German, French, Italian, Spanish, Irish, Dutch, Portuguese, Belgian and Finnish yields hit record lows after ECB President Mario Draghi said the bank would act to keep consumer prices stable.

German five-year yields fell below zero and 10-year Bund yields fell below 0.50 percent for the first time.

The gap between 10-year Spanish and German yields fell below 100 basis points for the first time since 2010.

Economists polled by Reuters expect the euro zone to report consumer prices fell in December by 0.1 percent when data is released on Jan. 7. That could prompt the ECB to begin a programme of sovereign bond purchases - so-called quantitative easing - as early as its first meeting, on Jan. 22. "It is quite clear that the ECB is preparing to do more and expectations are centring on the January meeting," said Nordea strategist Jan von Gerich.

"The way markets have developed, it is a clear signal that the ECB cannot afford to wait that much longer." High-yielding bonds in the bloc's southern periphery are expected to outperform those with lower yields if the ECB launches such a scheme.

Yields fall as prices rise.
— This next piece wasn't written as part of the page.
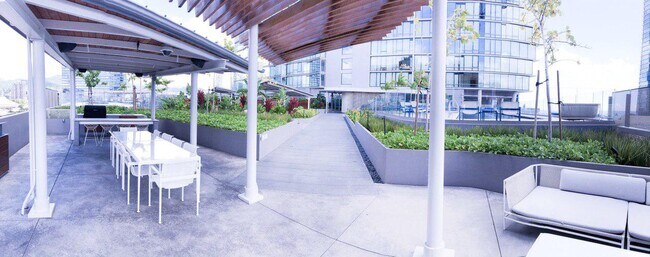 Photo - 1001 Queen St Townhome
Italian and Spanish 10-year yields fell about 10 basis points to 1.77 percent and 1.52 percent. Portuguese yields dropped 23 bps to 2.47 percent. Bund yields dipped 5 bps to 0.49 percent.

Greek debt yields - shaken last week by the prospect of elections this month that could catapult the anti-austerity Syriza party to power - fell 41 bps to 9.23 percent.
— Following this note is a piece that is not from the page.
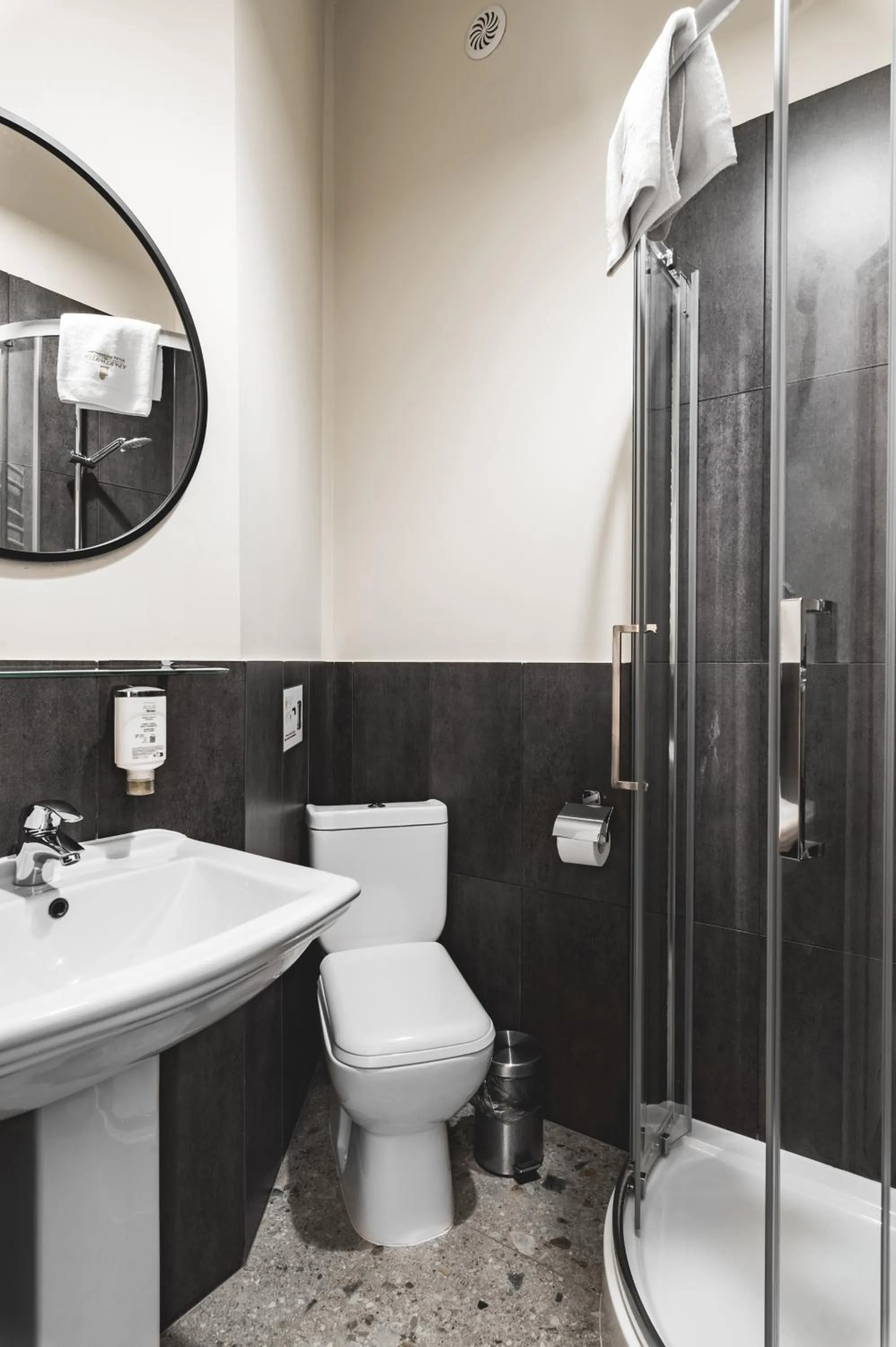 Shower in Aparthotel Stara Przędzalnia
Many analysts doubt that problems in Athens will spread as they did in 2011-12, when the high debt of a number of euro zone countries prompted panic selling after the global financial crisis. But the prospect of Greece veering away from reform promises has raised the ire of some euro zone politicians.

A senior member of German Chancellor Angela Merkel's party urged the ECB not to pour money into struggling euro zone states through bond purchases.

Some analysts, like Rabobank's Lyn Graham-Taylor, believe the timing of the Greek election, set for Jan 25, may encourage the ECB to delay any policy action until March.